> Data for analysis:
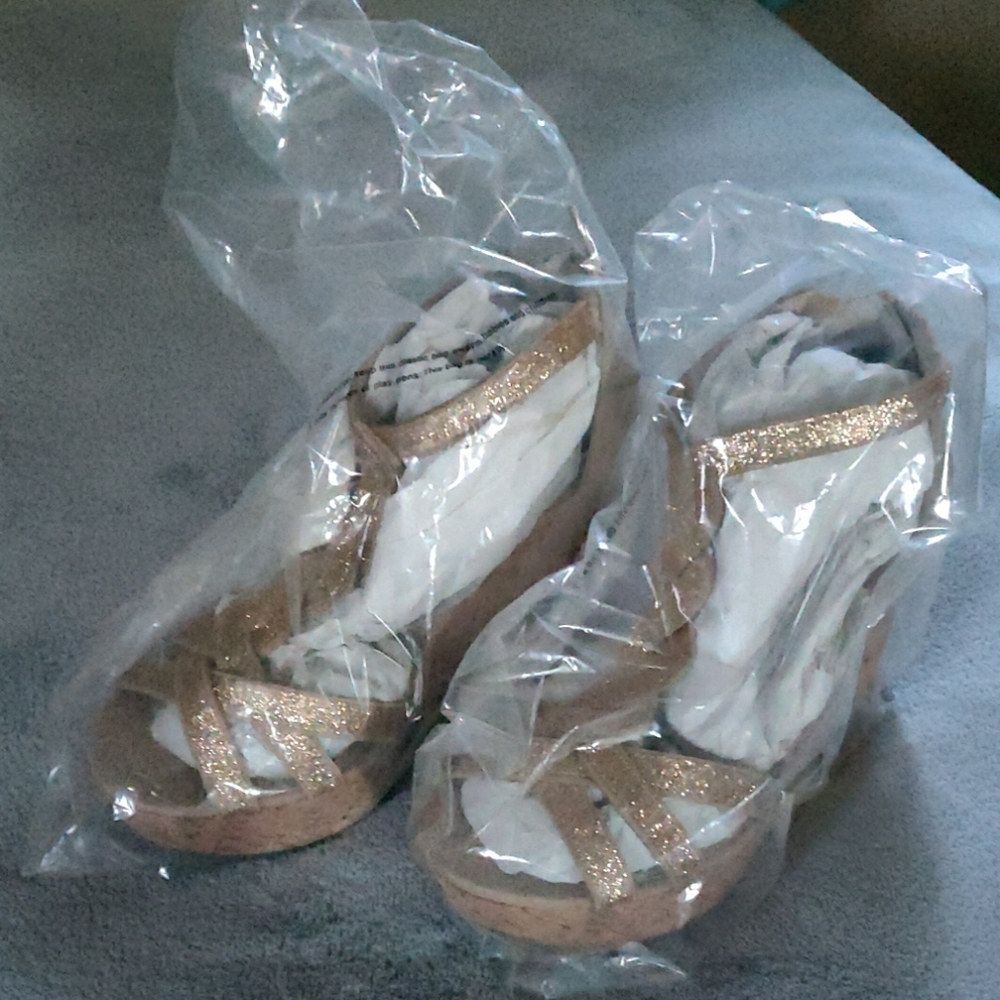 NWOT Torrid brand gold and beige wedged heels.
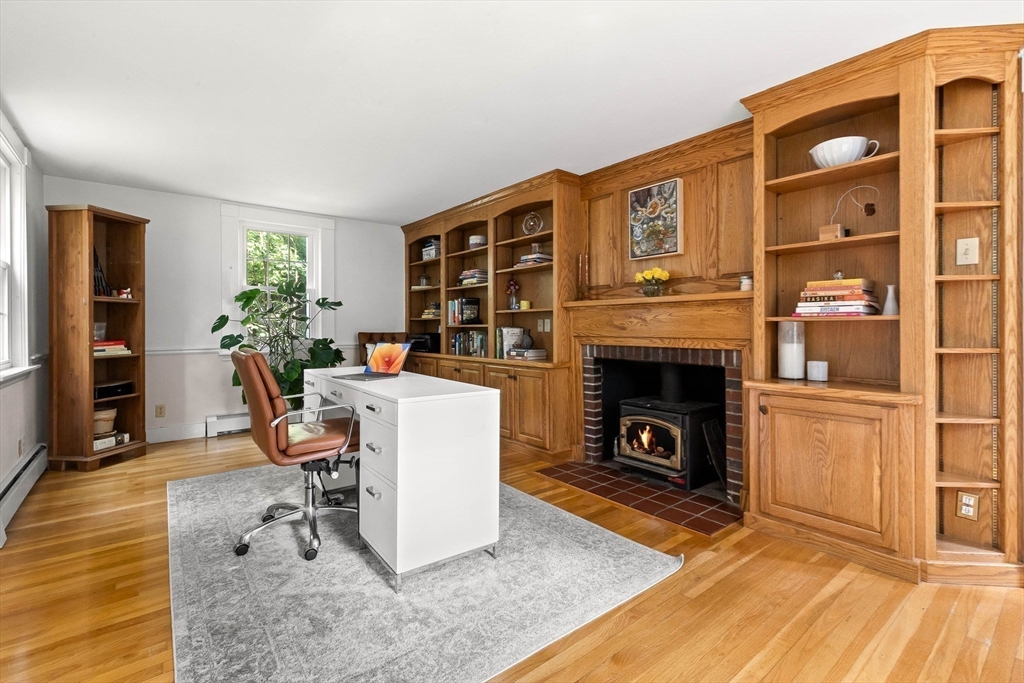 33 Bare Hill Road Topsfield, MA 01983 - Photo 14 of 40 a living room with furniture a fireplace and a table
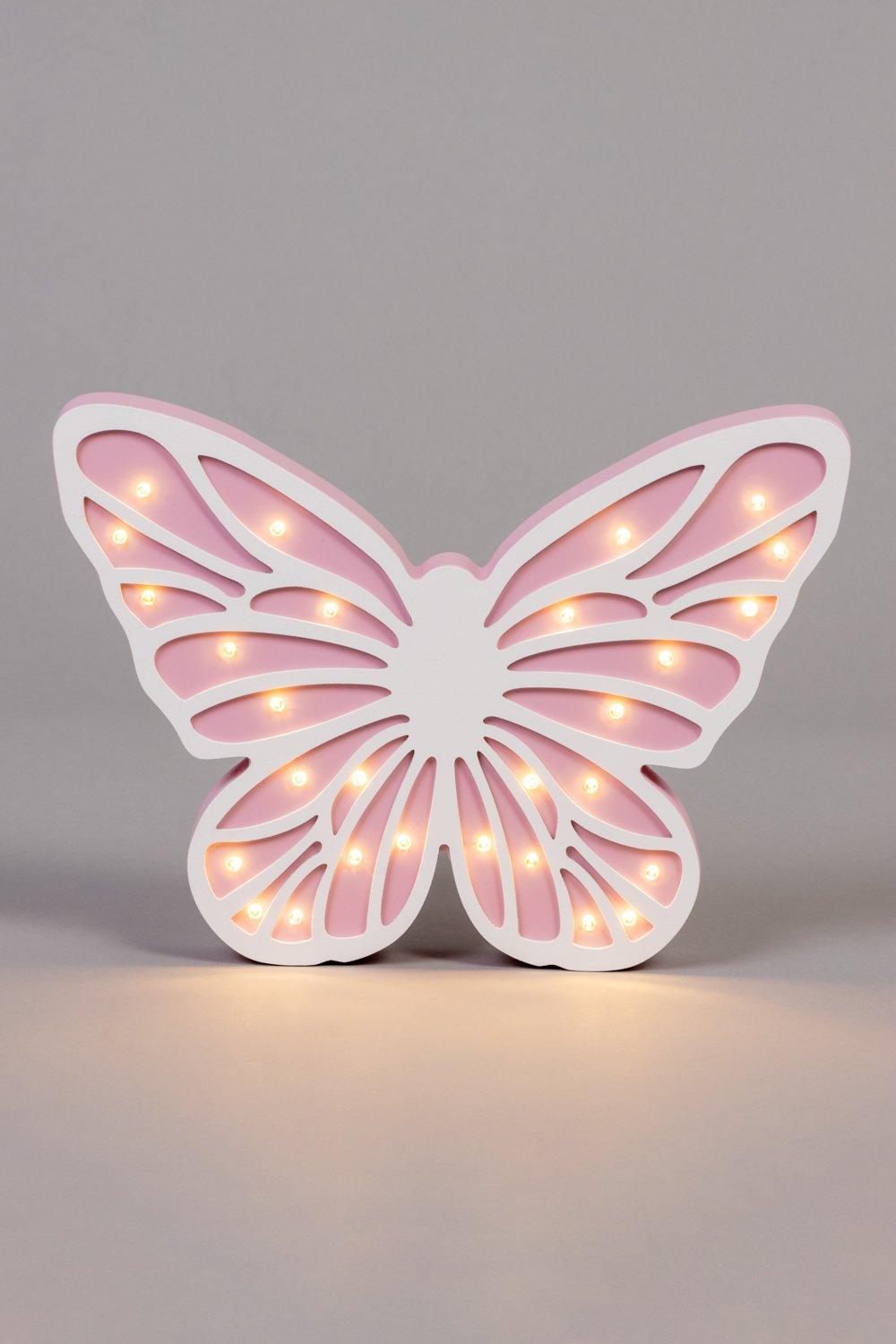 Pink butterfly-shaped table lamp with cut-out details and warm LED lights, featuring a glossy finish and a white base for a whimsical decor accent.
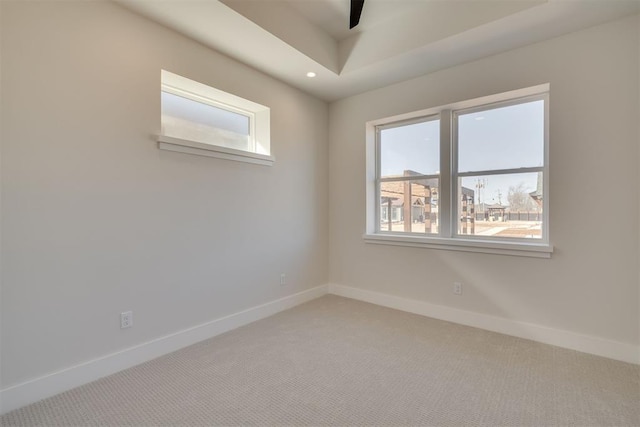 empty room featuring recessed lighting, baseboards, carpet, and a healthy amount of sunlight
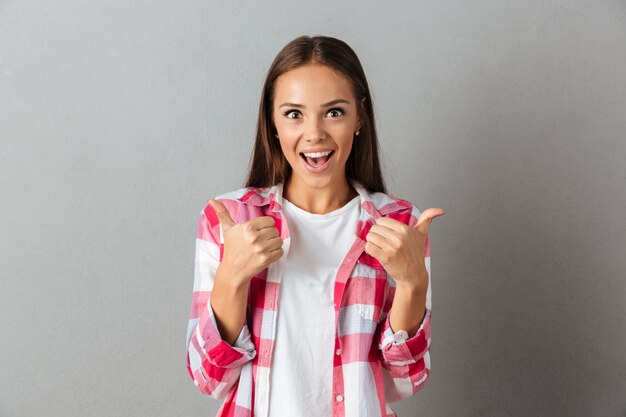 Pretty cheerful brunette woman in checkered shirt, showing thumbs up gesture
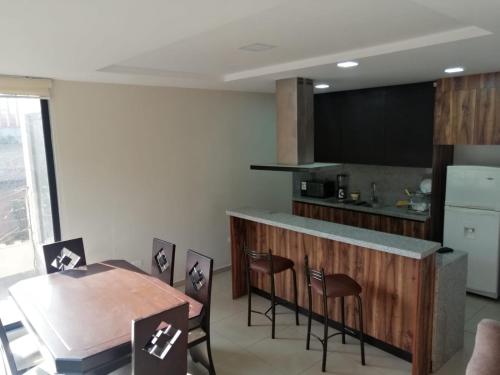 a kitchen with a counter and a table and chairs at Departamento acogedor, nuevo y Amplio in Cuenca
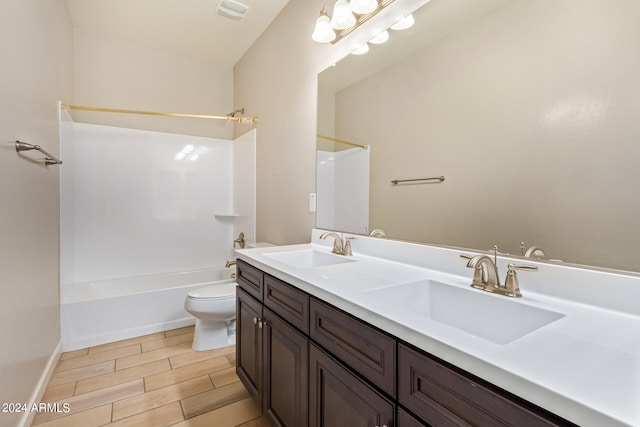 full bathroom featuring toilet, vanity, and tub / shower combination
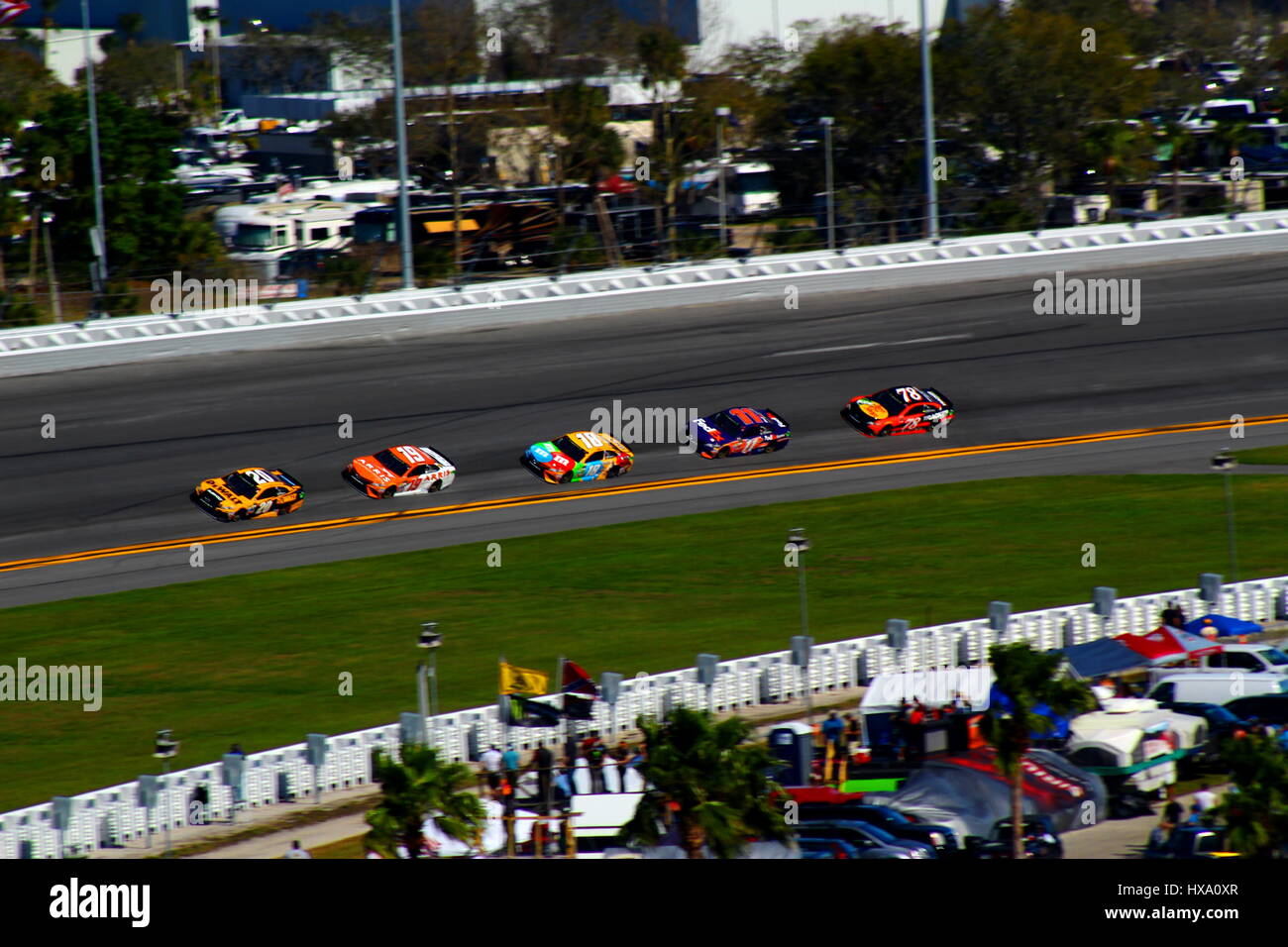A group of NASCAR Toyota Camrys work together in the opening laps of the 2017 Daytona 500. Stock Photo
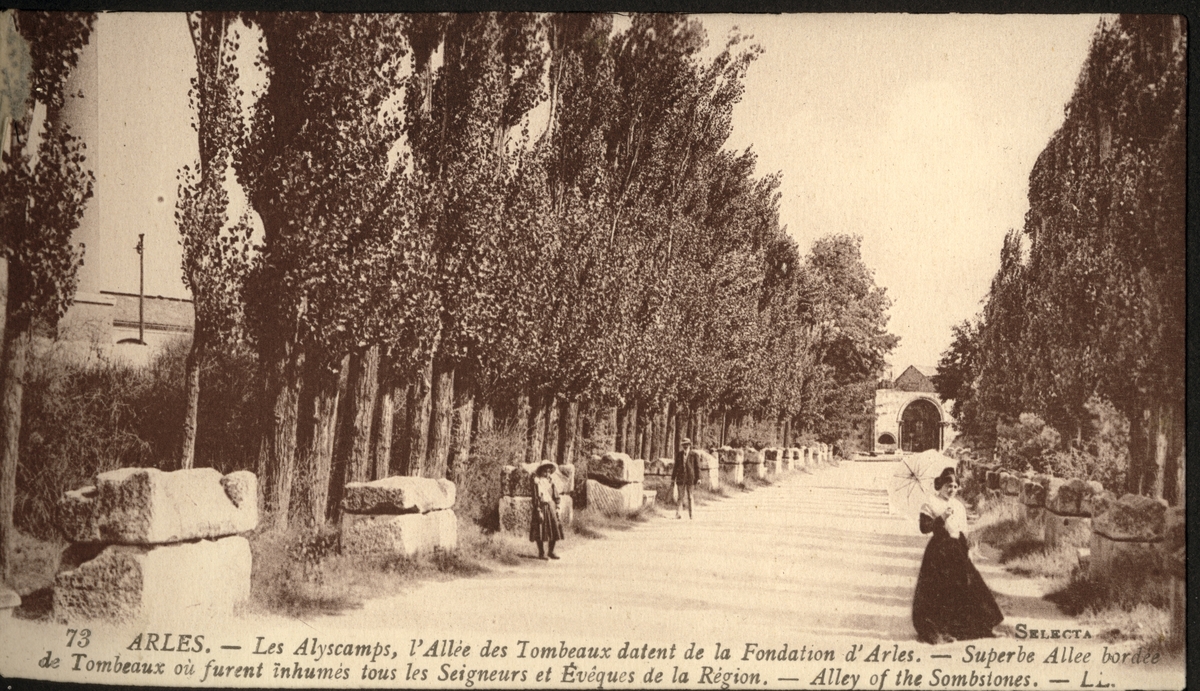 Allée des Alyscamps i Arles, med gravstøtter og -stener langs alléen. Alyscamps er en stor romersk nekropolis og ble skrevet inn på UNESCOs verdensarvliste i 1981. En kvinne går ytterst til høyre. Antagelig et postkort kjøpt under en reise i 1922.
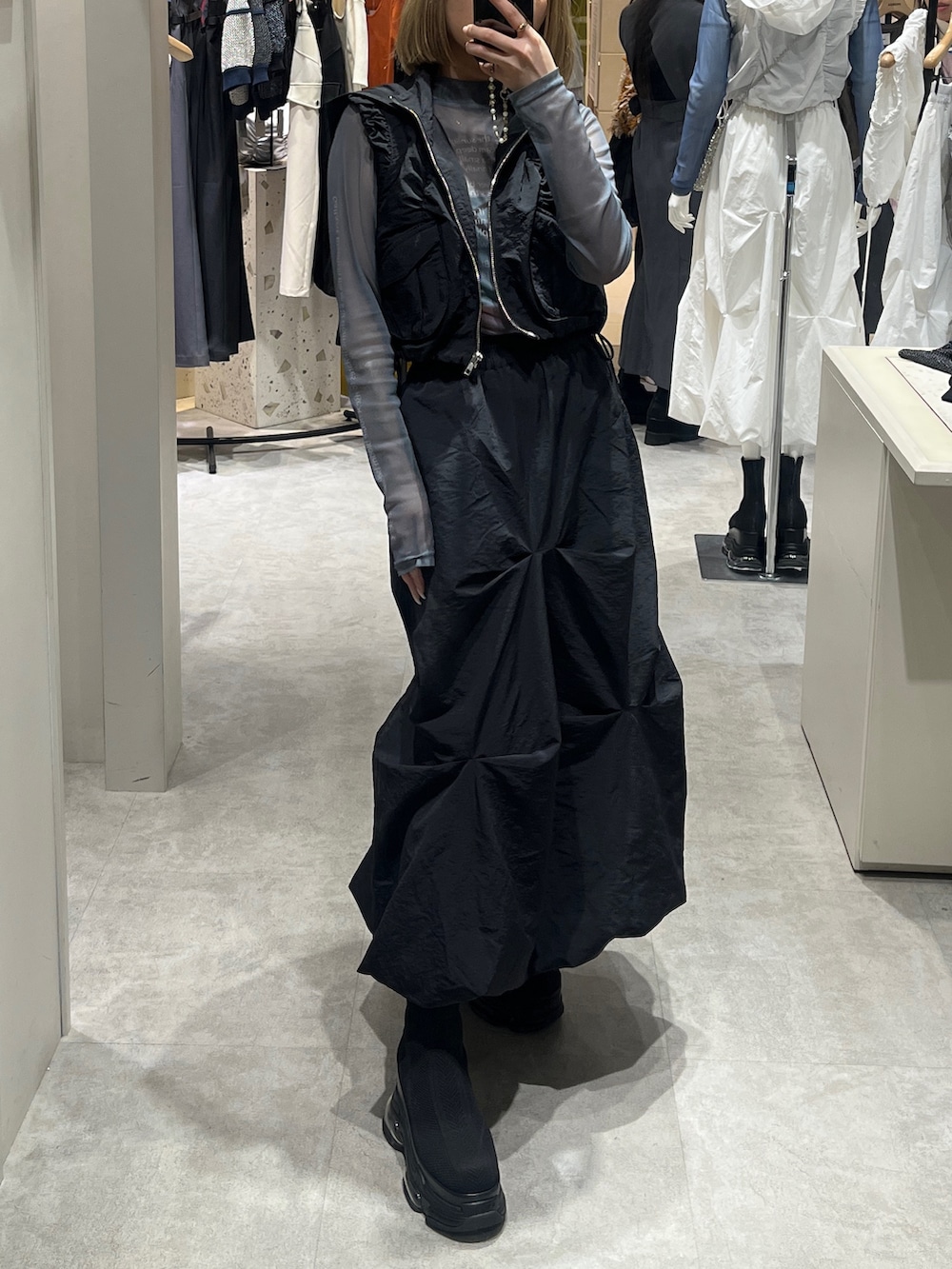 ブラック系のスカート、ブラック系のブーツ、グリーン系のTシャツ/カットソーを着用したレディースの春コーディネートの3枚目の写真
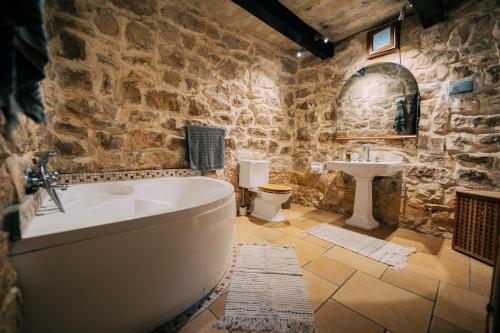 纳克萨Private Villa的带浴缸和水槽的石质浴室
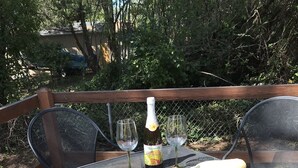 An outdoor dining area with a table set for two, featuring plates, cutlery, a bottle of champagne, and a fruit platter. - Beverly beach delight (Newport)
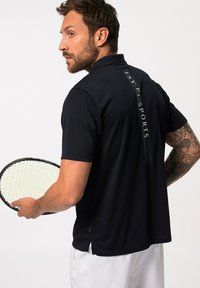 Polo en marine à manches courtes, avec un logo dans le dos et des fentes sur les côtés. Une silhouette masculine tient une raquette de tennis tout en se retournant.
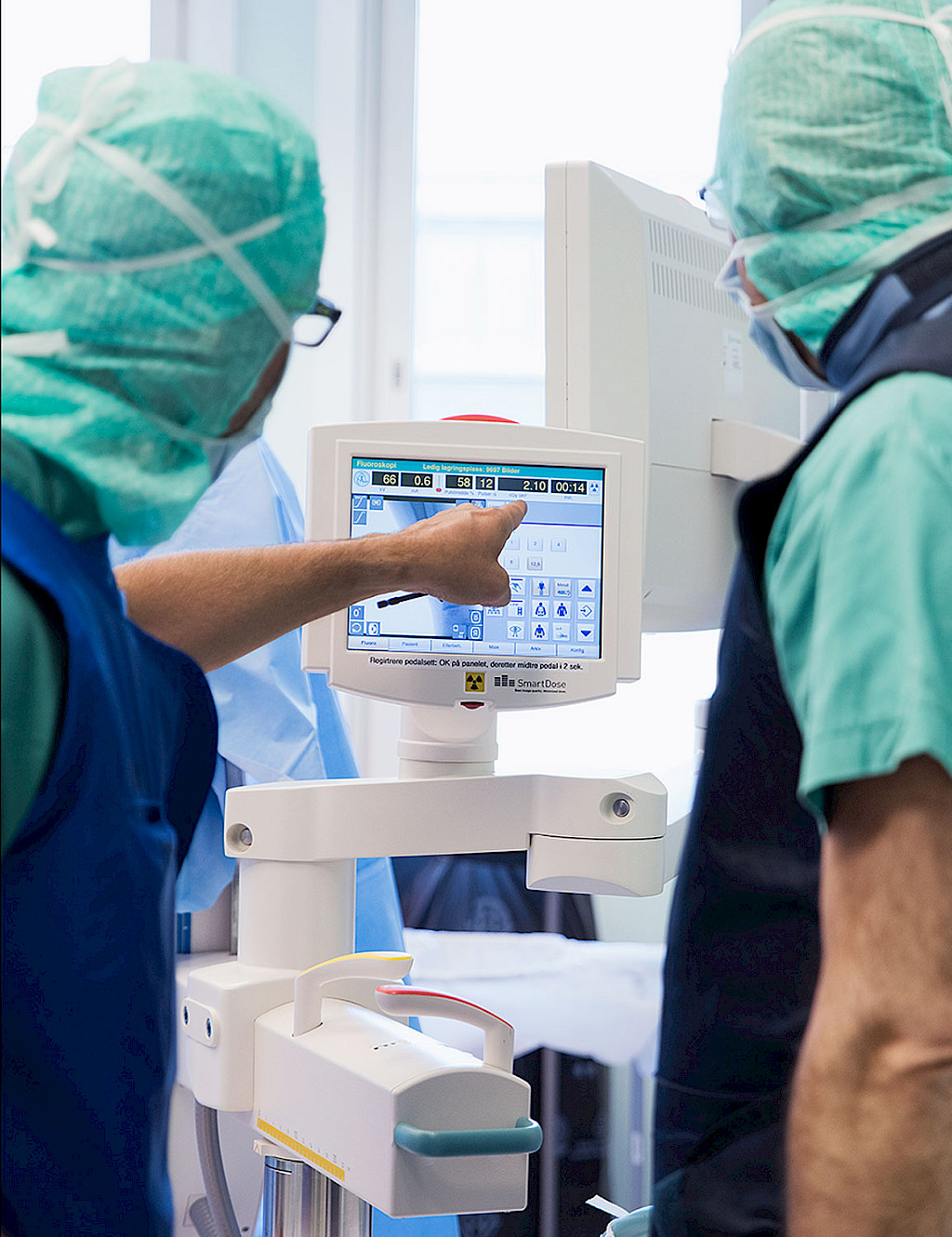 Two members of the surgical team stand in front of a small monitor displaying the user interface for controlling a C-arm.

> Exercise instructions: Give back exactly the lines from the one containing "Polo en marine" to the final line of the entries, both included, and no picture.

> Answer section:
 Polo en marine à manches courtes, avec un logo dans le dos et des fentes sur les côtés. Une silhouette masculine tient une raquette de tennis tout en se retournant.
 Two members of the surgical team stand in front of a small monitor displaying the user interface for controlling a C-arm.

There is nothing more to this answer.